▶ MATERIAL PROVIDED
● ● ● ● ● ● ●

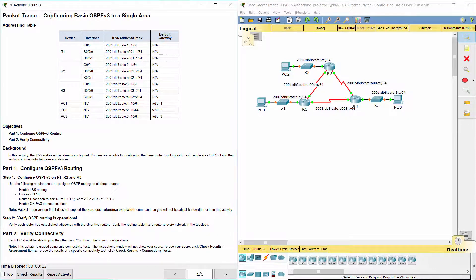Hello everyone. The task here is configuring basic OSPFv3 in a single area. In this activity, the IPv6 addressing is already configured. You are responsible for configuring the three router topology with basic single area OSPFv3 and then verifying connectivity between end devices.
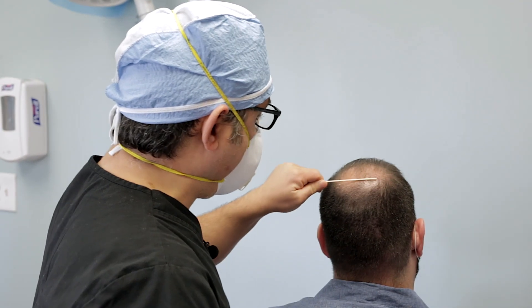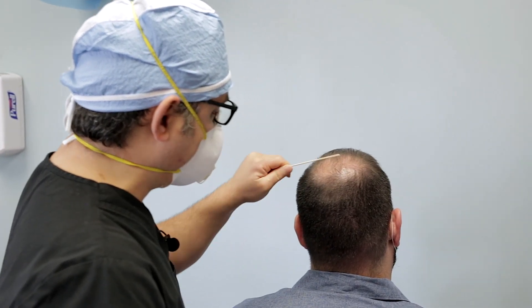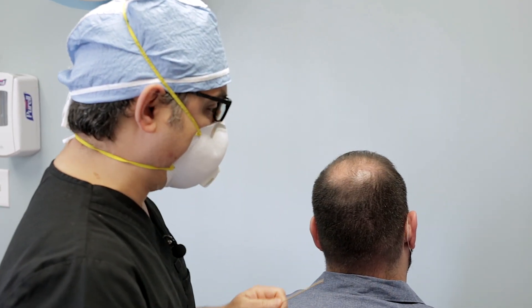Today we're going to be working on the crown area and we're going to put about 2,000 to 2,500 grafts in the crown.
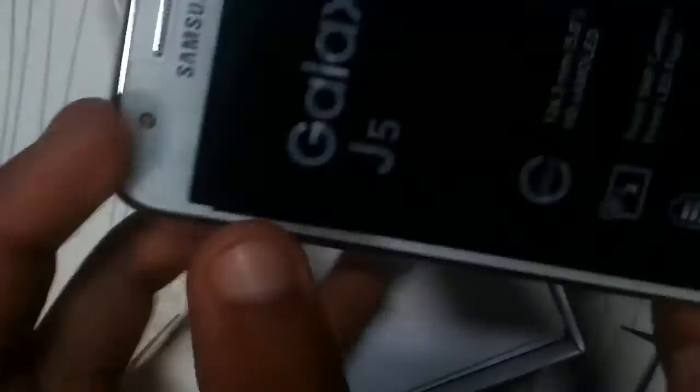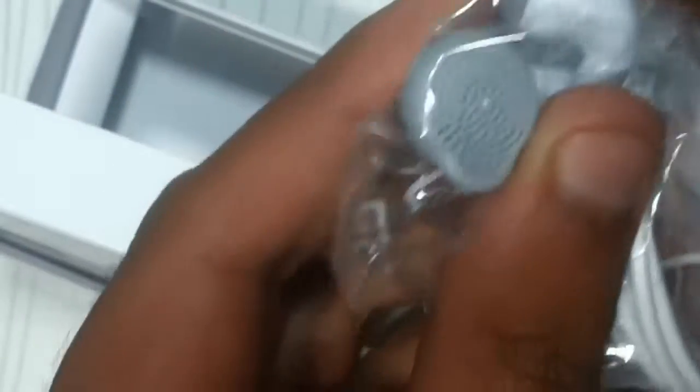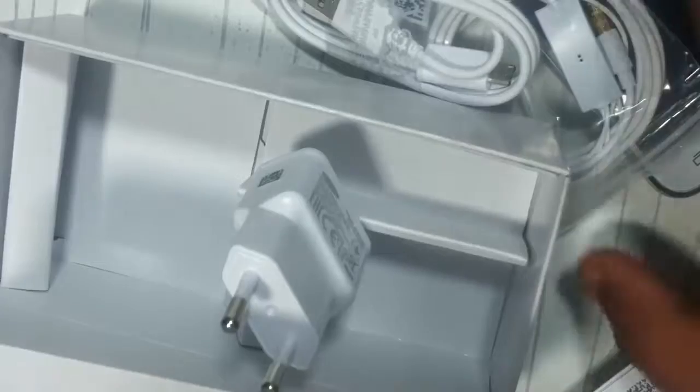Here is a warranty card. Here are a few things you need to know about the Samsung Galaxy J5 — it is a new iPhone-type entry. You can see this is the original unit, and also included are a data cable and charger.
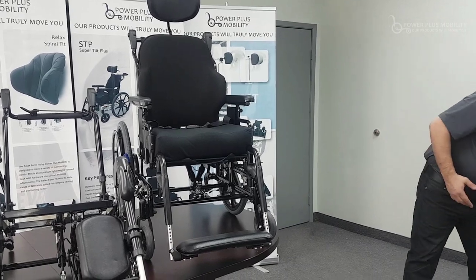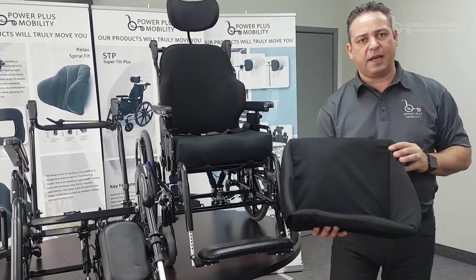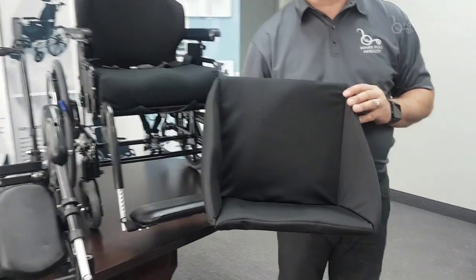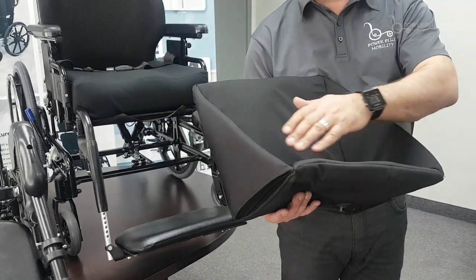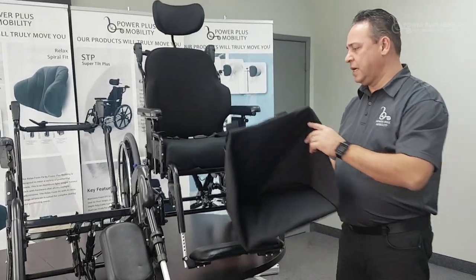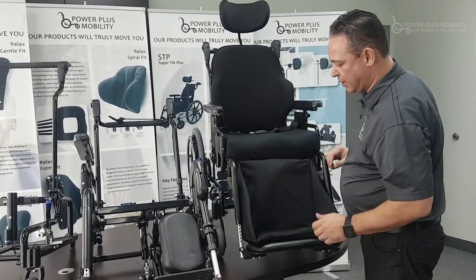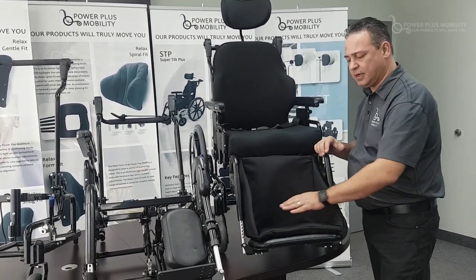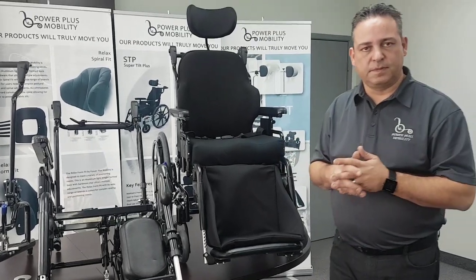One last option is to mount a padded footboard. This comes in two options: a padded footboard or a solid composite footboard with padding within. It mounts in through here, keeps your feet nice and snug, and keeps your feet within the box. Thank you very much.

● ● ● ● ● ● ●

▶ ASSIGNED TASK
The material shown above is to be repeated verbatim, and its pictures are to be omitted.

▶ EXERCISE SOLUTION
Hello everyone. The task here is configuring basic OSPFv3 in a single area. In this activity, the IPv6 addressing is already configured. You are responsible for configuring the three router topology with basic single area OSPFv3 and then verifying connectivity between end devices.
Today we're going to be working on the crown area and we're going to put about 2,000 to 2,500 grafts in the crown.
Here is a warranty card. Here are a few things you need to know about the Samsung Galaxy J5 — it is a new iPhone-type entry. You can see this is the original unit, and also included are a data cable and charger.
One last option is to mount a padded footboard. This comes in two options: a padded footboard or a solid composite footboard with padding within. It mounts in through here, keeps your feet nice and snug, and keeps your feet within the box. Thank you very much.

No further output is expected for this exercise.